** WHAT IS NEEDED **
Transcribe only the part of the material below that begins at the line containing "Insert the toner" and ends at the line containing "Sections will include", with both kept and images left out.

** PROVIDED INFORMATION **
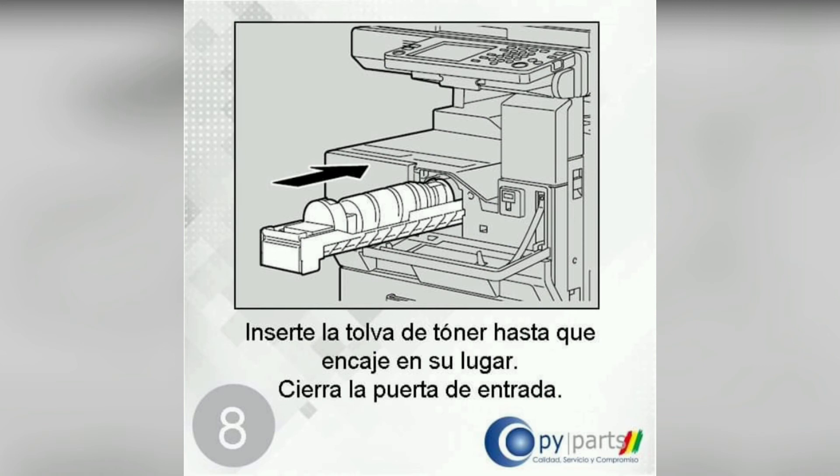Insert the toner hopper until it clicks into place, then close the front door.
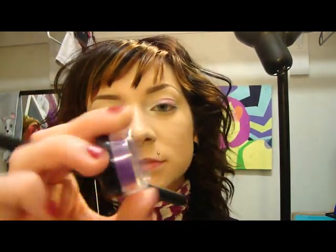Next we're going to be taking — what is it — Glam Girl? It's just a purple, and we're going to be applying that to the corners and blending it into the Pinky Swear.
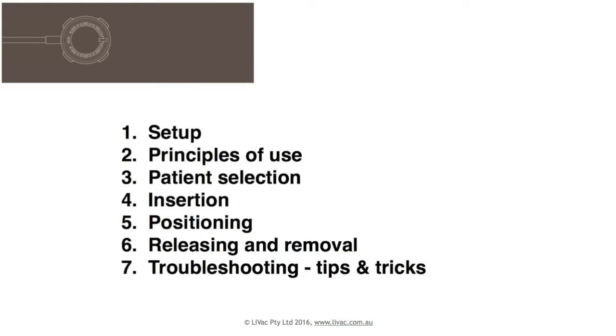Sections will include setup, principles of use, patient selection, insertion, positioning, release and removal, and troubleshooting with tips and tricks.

==

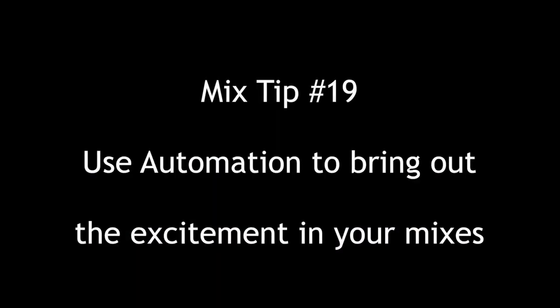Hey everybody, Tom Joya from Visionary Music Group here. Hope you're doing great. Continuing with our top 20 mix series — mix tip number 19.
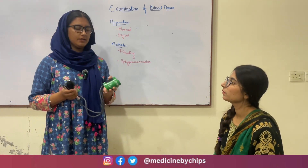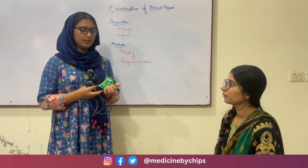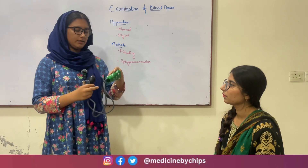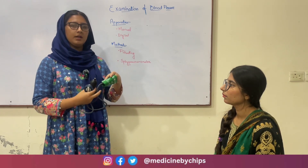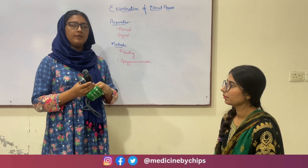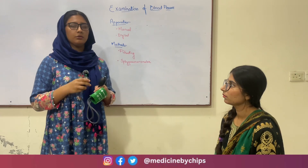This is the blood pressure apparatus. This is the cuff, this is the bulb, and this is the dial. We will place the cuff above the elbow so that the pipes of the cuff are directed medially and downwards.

** ANSWER SECTION **
Insert the toner hopper until it clicks into place, then close the front door.
Next we're going to be taking — what is it — Glam Girl? It's just a purple, and we're going to be applying that to the corners and blending it into the Pinky Swear.
Sections will include setup, principles of use, patient selection, insertion, positioning, release and removal, and troubleshooting with tips and tricks.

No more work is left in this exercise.